» **YOUR ASSIGNMENT**: Quote exactly the lines from the start of the entries to the one with "天然水晶 黑曜石+银曜石不锈钢耳环 - 耳环/耳夹 - 水晶", both ends included.
START DATA IN THIS EXERCISE
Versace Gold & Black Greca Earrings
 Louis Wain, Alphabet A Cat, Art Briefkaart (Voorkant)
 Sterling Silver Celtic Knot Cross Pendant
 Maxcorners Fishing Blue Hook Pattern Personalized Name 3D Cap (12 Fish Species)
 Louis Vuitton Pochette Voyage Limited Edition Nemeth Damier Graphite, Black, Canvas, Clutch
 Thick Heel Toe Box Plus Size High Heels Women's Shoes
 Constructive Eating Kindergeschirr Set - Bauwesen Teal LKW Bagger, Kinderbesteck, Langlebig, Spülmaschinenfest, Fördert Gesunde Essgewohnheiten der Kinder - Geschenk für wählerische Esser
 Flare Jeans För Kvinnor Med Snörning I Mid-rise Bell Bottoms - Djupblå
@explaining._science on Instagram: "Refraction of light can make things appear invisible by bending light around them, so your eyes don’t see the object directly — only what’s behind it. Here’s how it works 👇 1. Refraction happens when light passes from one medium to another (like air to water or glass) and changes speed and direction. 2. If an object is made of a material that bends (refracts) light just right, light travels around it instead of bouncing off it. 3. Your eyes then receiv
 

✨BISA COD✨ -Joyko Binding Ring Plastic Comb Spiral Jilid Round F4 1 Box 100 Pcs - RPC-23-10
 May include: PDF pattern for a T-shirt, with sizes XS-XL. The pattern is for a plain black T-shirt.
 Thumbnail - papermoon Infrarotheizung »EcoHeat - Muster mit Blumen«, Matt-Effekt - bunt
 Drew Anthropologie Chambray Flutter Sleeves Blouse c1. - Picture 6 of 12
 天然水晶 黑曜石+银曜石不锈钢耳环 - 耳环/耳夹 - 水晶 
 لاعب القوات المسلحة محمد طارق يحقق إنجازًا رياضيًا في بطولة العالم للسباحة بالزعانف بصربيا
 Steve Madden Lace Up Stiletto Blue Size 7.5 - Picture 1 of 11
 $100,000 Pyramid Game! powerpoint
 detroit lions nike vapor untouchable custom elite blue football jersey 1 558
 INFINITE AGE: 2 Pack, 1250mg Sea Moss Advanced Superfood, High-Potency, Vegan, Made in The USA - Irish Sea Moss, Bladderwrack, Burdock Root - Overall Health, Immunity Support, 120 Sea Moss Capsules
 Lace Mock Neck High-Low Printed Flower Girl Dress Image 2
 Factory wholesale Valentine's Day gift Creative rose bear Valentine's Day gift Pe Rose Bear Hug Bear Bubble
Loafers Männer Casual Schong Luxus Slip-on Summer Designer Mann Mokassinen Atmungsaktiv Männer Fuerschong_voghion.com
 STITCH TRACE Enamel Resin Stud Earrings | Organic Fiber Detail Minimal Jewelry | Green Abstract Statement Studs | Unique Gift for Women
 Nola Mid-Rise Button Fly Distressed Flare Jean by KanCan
END DATA IN THIS EXERCISE
» **FINISHED TASK**:
Versace Gold & Black Greca Earrings
 Louis Wain, Alphabet A Cat, Art Briefkaart (Voorkant)
 Sterling Silver Celtic Knot Cross Pendant
 Maxcorners Fishing Blue Hook Pattern Personalized Name 3D Cap (12 Fish Species)
 Louis Vuitton Pochette Voyage Limited Edition Nemeth Damier Graphite, Black, Canvas, Clutch
 Thick Heel Toe Box Plus Size High Heels Women's Shoes
 Constructive Eating Kindergeschirr Set - Bauwesen Teal LKW Bagger, Kinderbesteck, Langlebig, Spülmaschinenfest, Fördert Gesunde Essgewohnheiten der Kinder - Geschenk für wählerische Esser
 Flare Jeans För Kvinnor Med Snörning I Mid-rise Bell Bottoms - Djupblå
@explaining._science on Instagram: "Refraction of light can make things appear invisible by bending light around them, so your eyes don’t see the object directly — only what’s behind it. Here’s how it works 👇 1. Refraction happens when light passes from one medium to another (like air to water or glass) and changes speed and direction. 2. If an object is made of a material that bends (refracts) light just right, light travels around it instead of bouncing off it. 3. Your eyes then receiv
 

✨BISA COD✨ -Joyko Binding Ring Plastic Comb Spiral Jilid Round F4 1 Box 100 Pcs - RPC-23-10
 May include: PDF pattern for a T-shirt, with sizes XS-XL. The pattern is for a plain black T-shirt.
 Thumbnail - papermoon Infrarotheizung »EcoHeat - Muster mit Blumen«, Matt-Effekt - bunt
 Drew Anthropologie Chambray Flutter Sleeves Blouse c1. - Picture 6 of 12
 天然水晶 黑曜石+银曜石不锈钢耳环 - 耳环/耳夹 - 水晶 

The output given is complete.